Cet enseignant estime que le réchauffement des relations entre la France et le Rwanda, notamment sous le président Nicolas Sarkozy, a favorisé un changement de la situation.
"Ils veulent que l’accent soit aussi mis sur le français pour que les apprenants deviennent bilingues. Et vous savez, nous sommes membres de l’OIF et du Commonwealth et cela nous amène à utiliser les deux langues ", explique l’enseignant.
Bonnes relations avec le monde francophone
Ce changement intervient au moment où l’OIF est dirigée par la Rwandaise Louise Mushikiwabo. Depuis sa prise de fonction, l'ancienne ministre des Affaires étrangères veille à ce qu’il y ait aussi de bonnes relations entre le Rwanda et les autres pays du monde francophone.
C’est aussi le constat de Charles Ndushabandi qui réside à Kigali. "Bien sûr, la France a intérêt à ce que cet héritage linguistique soit entretenu. Car si la France perd le Rwanda, on ne sait jamais, elle peut aussi perdre le Burundi. Certains Burundais à qui j’ai parlé m’ont dit qu’ils avaient commencé à apprendre l’anglais en raison de l’appartenance de leur pays à la Communauté de l’Afrique de l’Est.", pense-t-il.
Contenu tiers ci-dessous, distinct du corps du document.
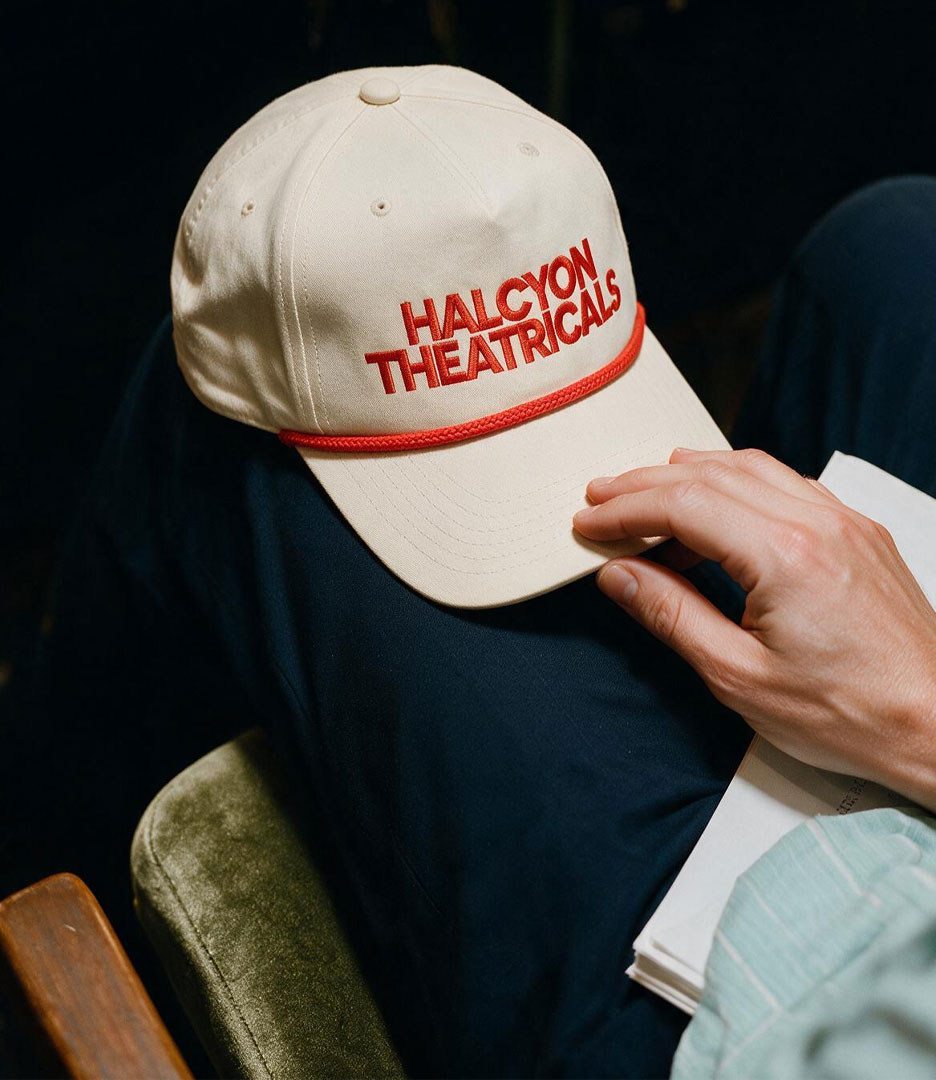Cream cap embroidered with the red Halcyon Theatricals wordmark, shown as a branded apparel application.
Il estime que "Par ailleurs le président rwandais essaie de jouer entre la Francophonie que dirige une Rwandaise et le Commonwealth qu’il s’apprête lui-même à présider, deux années après la tenue ici à Kigali du sommet de cette organisation".
En dehors de l’enseignement du français, les experts francophones en mission au Rwanda formeront aussi leurs homologues rwandais. Le projet s’étalera sur deux ans.
Le français demeure une langue officielle du Rwanda après le Kinyarwanda, l’anglais et le Kiswahili. Le gouvernement rwandais à travers son ministre de l’Education a confirmé que le pays collaborait avec l’OIF en vue de la promotion de l’enseignement du français au Rwanda.